Rhinoplasty – aesthetic and functional surgery of the nose, begins with incisions (incisions) to access the cartilaginous and bony structures of the nose. Most incisions are made inside the nose, ie. they are invisible from the outside. In other cases, the incision is made in the area of the columella (skin between two nostrils). In the next step, the cartilage and bone are removed, added or reshaped to give the nose a new look. For example, if the tip of the nose is too large, the operator can reduce its size in this way. The angle that the nose makes with the upper lip can also be changed to make it more acceptable and meet aesthetic criteria.
At the end of the operation, the incisions are closed with surgical sutures, and immobilization (plasters and a plastic splint) is placed on the outside of the nose. The nose is usually tamponade from the inside on both sides to maintain the stability of the nasal septum (septum) and keep the shape achieved at the end of the operation. There is a possibility of placing a soft tamponade that allows breathing through the nose immediately after the operation.

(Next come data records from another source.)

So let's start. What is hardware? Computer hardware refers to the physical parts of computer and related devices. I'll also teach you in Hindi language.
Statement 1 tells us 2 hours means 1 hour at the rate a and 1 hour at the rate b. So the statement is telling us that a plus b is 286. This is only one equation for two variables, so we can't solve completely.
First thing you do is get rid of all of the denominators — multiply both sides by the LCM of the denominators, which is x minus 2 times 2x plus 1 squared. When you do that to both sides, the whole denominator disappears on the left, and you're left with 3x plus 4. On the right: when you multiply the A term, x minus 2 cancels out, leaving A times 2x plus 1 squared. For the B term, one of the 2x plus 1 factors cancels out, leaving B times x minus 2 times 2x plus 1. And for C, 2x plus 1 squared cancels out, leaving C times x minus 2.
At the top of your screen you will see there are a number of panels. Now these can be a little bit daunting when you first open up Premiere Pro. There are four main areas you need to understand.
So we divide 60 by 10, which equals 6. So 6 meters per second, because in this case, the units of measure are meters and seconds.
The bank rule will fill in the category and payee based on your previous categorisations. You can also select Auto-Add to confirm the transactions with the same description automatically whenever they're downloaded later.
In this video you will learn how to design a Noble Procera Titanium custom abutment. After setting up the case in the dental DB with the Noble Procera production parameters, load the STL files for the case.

Risk factors for rhinoplasty are generally small, but all of them will be discussed in consultation.
AFTER THE OPERATION
Minor swellings and hematomas around the eyes and surrounding facial tissue may appear in the first few days after rhinoplasty. In this case, cold compresses help reduce swelling and the feeling of pressure. In case of pain, analgesics are given. If the nose is tamponade, the tamponade is removed 3. – 5. the day after surgery, and sometimes earlier.
After detamponade, severe nasal swelling should be avoided for the next week. Immobilization serves as protection against trauma, ie. to keep the structure of the nose stable for 5 – 7 days. It is very important to follow the instructions of the operator, and especially to keep your head raised while lying down and sleeping for a short time after surgery. Increased physical activity should be avoided for several weeks after surgery.

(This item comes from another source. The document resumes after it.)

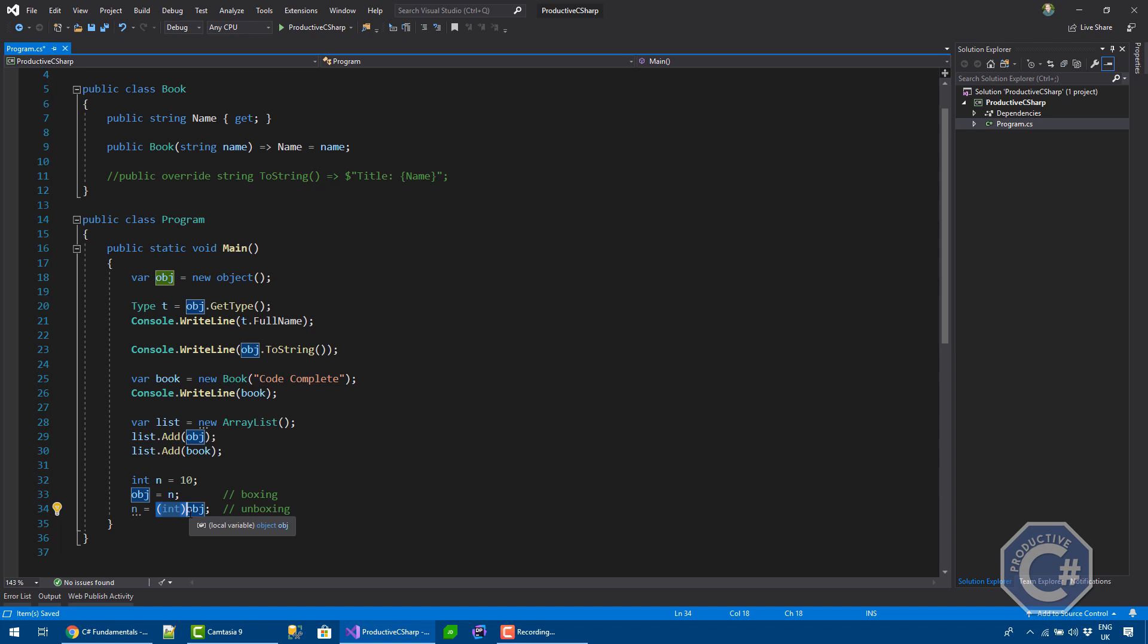So, what the framework does is copying the value from the heap and back into the stack. And you need to do an explicit cast because you can't assign an object type directly to a value type. While the opposite is possible because every type is an object. So, all the time you basically pass a value type into an object, you do a boxing operation. This is very expensive.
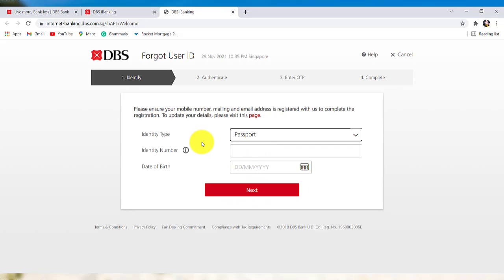After that, follow the further instructions provided and give all the details that will be required to recover the user ID of the online banking service of DBS Bank.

Excessive sun exposure, strenuous exertion and the risk of injury should also be avoided. If you wear glasses, be careful not to press on the skin of the nose in the sensitive operated area. It is necessary to adhere to the recommended controls for the purpose of monitoring healing. Any unusual changes should be reported to the operator.
Finally, we bring another example of the results of nasal surgery – rhinoplasty, where long-term stability and projection of the nose and proper breathing function were maintained.